Your instructions
Give only the number of lines in the following entries where "para" appears.

Data extracted from a collection:
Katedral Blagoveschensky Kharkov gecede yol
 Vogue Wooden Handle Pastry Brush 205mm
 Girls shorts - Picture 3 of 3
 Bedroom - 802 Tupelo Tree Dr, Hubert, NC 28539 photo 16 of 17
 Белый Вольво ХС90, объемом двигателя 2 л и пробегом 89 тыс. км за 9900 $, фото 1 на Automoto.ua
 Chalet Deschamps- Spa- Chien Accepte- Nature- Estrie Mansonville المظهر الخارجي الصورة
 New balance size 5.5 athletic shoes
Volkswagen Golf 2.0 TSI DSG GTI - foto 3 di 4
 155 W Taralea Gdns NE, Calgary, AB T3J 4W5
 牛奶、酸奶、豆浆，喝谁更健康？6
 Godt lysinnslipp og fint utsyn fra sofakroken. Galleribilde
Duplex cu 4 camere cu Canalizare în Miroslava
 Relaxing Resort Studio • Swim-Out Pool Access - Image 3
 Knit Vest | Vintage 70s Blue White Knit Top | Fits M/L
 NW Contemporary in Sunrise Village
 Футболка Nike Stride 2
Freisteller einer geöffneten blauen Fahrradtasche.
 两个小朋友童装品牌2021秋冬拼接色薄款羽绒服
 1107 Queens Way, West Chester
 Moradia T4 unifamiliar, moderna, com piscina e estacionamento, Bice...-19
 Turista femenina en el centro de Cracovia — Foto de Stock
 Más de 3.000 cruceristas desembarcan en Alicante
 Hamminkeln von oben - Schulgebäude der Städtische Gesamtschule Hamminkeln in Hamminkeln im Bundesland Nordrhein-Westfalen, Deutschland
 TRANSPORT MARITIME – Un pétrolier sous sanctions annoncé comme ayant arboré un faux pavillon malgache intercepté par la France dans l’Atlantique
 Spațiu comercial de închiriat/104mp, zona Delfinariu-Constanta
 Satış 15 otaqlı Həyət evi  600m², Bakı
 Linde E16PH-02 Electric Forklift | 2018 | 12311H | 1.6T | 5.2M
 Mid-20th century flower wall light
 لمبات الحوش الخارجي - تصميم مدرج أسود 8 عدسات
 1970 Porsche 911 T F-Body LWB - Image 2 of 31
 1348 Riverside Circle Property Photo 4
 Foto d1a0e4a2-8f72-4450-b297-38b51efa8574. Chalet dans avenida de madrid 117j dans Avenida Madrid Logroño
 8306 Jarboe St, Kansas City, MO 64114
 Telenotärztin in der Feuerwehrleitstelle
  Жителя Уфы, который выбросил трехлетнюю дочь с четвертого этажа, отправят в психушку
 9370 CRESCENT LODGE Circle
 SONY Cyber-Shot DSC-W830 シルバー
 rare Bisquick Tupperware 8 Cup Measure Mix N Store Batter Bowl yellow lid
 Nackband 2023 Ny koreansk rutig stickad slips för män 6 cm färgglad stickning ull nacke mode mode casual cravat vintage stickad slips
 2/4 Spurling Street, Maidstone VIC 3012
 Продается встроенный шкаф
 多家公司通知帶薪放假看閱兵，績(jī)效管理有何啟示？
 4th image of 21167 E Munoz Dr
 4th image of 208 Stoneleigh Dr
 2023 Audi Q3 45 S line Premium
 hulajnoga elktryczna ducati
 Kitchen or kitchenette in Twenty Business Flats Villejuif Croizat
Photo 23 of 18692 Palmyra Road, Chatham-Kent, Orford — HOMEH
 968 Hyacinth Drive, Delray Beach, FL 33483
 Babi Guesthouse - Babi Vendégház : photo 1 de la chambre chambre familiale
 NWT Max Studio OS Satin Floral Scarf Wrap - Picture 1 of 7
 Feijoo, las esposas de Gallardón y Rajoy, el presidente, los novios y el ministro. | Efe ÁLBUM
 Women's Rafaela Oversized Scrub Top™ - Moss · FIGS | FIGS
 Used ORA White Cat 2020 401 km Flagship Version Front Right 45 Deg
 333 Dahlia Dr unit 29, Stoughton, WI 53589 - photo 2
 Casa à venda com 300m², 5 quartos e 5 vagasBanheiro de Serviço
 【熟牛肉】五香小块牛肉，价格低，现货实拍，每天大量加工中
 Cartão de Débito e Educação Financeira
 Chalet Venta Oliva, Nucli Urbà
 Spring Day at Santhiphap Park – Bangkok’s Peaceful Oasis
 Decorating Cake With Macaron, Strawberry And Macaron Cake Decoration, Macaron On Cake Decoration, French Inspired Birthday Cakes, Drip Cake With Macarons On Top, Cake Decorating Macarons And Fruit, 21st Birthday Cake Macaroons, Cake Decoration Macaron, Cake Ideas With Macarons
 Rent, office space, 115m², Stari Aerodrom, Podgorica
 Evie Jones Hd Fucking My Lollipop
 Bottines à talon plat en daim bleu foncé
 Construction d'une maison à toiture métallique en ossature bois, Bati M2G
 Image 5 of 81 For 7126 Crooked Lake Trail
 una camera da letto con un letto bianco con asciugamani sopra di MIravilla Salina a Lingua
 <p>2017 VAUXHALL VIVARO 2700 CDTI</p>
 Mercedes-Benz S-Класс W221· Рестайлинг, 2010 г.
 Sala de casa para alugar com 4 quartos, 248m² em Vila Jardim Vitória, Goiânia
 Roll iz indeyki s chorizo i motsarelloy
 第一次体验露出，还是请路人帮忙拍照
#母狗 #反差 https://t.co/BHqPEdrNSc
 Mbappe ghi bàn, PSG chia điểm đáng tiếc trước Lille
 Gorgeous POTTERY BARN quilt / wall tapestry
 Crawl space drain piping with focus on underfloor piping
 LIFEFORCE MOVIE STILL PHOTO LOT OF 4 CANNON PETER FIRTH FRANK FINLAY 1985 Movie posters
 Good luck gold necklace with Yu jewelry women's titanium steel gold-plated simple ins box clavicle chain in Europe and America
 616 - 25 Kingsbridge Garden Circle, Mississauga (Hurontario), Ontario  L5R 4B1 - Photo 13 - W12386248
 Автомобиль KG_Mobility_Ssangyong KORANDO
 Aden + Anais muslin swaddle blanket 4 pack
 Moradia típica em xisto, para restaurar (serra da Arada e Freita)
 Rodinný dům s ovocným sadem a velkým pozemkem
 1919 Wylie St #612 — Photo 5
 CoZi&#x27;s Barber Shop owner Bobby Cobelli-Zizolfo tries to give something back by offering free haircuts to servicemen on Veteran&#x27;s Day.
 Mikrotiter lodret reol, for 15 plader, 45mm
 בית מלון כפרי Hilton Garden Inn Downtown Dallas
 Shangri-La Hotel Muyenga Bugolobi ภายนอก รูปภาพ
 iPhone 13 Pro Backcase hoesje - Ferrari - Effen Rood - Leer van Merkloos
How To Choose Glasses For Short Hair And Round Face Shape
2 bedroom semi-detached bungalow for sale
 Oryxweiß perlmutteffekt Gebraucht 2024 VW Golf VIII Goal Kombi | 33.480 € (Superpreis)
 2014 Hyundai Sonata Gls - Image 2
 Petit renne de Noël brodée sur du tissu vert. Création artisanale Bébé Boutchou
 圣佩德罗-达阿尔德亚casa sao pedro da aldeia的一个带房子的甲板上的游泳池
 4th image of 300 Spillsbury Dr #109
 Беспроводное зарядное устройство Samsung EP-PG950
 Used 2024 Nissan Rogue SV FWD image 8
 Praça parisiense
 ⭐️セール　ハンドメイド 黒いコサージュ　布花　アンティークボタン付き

Task solution
2